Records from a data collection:
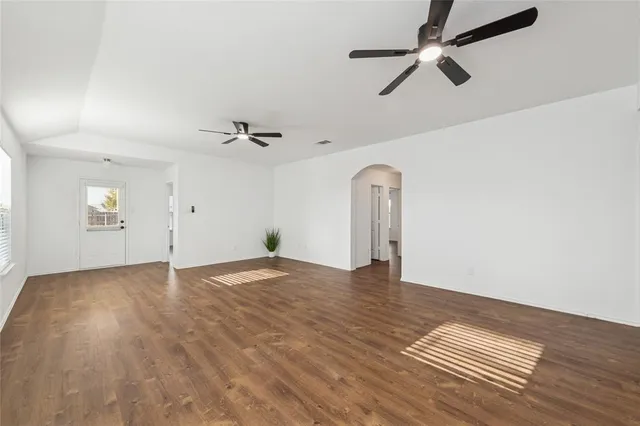 a view of empty room with wooden floor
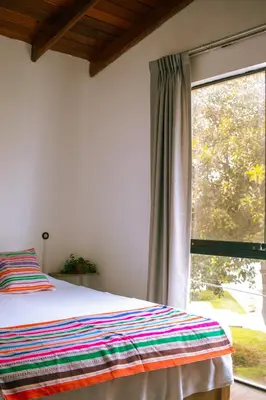 a bedroom with a bed and a large window at Temazcal Hostel in Lima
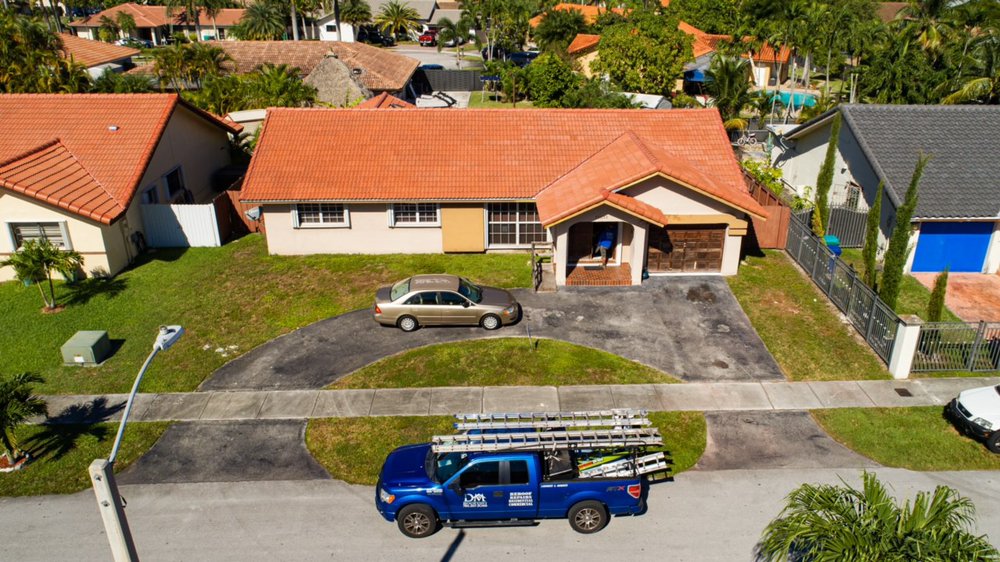 Slide of DM Roofing Company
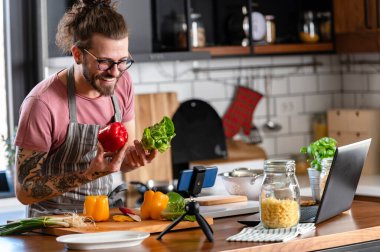 Yakışıklı genç adam yemek yapıyor.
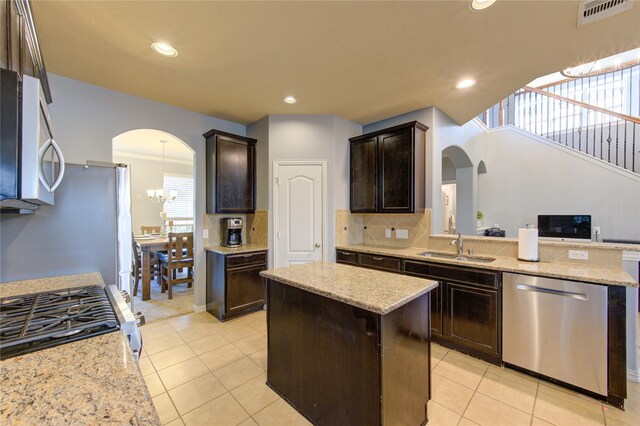 kitchen featuring visible vents, a kitchen island, stainless steel appliances, arched walkways, and dark brown cabinetry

YOUR TASK: Excluding all pictures, output exactly the lines from the line containing "Slide of DM Roofing Company" through the last line of the entries above.

ANSWER TO THIS TASK:
 Slide of DM Roofing Company
 Yakışıklı genç adam yemek yapıyor.
 kitchen featuring visible vents, a kitchen island, stainless steel appliances, arched walkways, and dark brown cabinetry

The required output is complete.